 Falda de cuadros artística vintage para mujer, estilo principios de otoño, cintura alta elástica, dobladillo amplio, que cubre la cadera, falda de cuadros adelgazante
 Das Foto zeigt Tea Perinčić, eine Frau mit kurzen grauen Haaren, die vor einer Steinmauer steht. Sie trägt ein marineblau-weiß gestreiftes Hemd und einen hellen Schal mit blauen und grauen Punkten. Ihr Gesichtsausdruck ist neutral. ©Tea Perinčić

--------------------------------

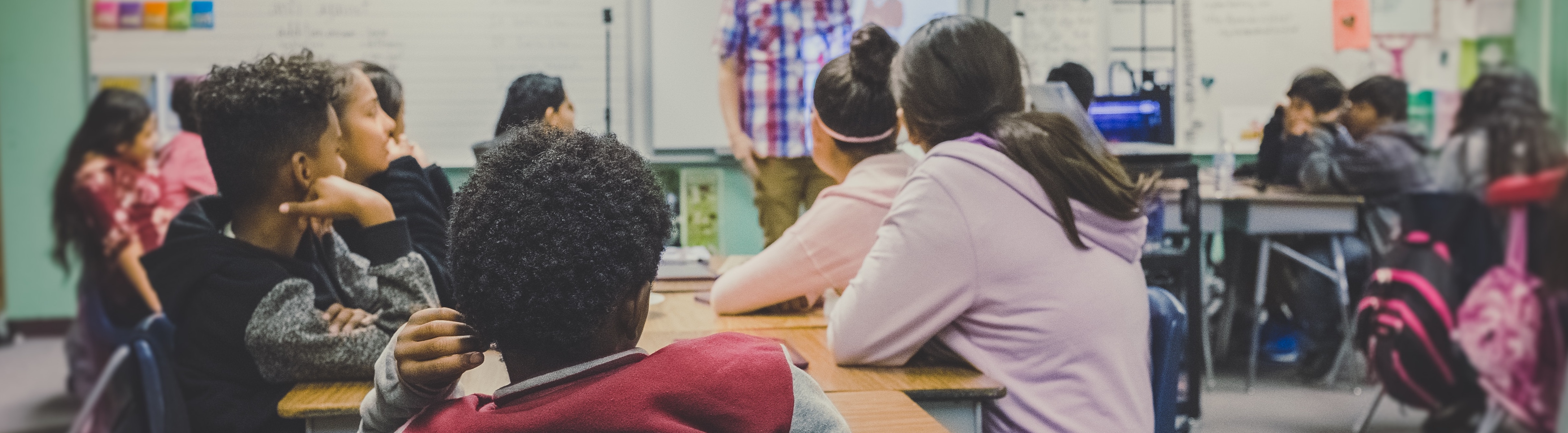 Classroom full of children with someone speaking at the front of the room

--------------------------------

Send back an exact copy of only the lines from the line with "Falda de cuadros artística" up to and including the line with "Das Foto zeigt" in the data above.

 Falda de cuadros artística vintage para mujer, estilo principios de otoño, cintura alta elástica, dobladillo amplio, que cubre la cadera, falda de cuadros adelgazante
 Das Foto zeigt Tea Perinčić, eine Frau mit kurzen grauen Haaren, die vor einer Steinmauer steht. Sie trägt ein marineblau-weiß gestreiftes Hemd und einen hellen Schal mit blauen und grauen Punkten. Ihr Gesichtsausdruck ist neutral. ©Tea Perinčić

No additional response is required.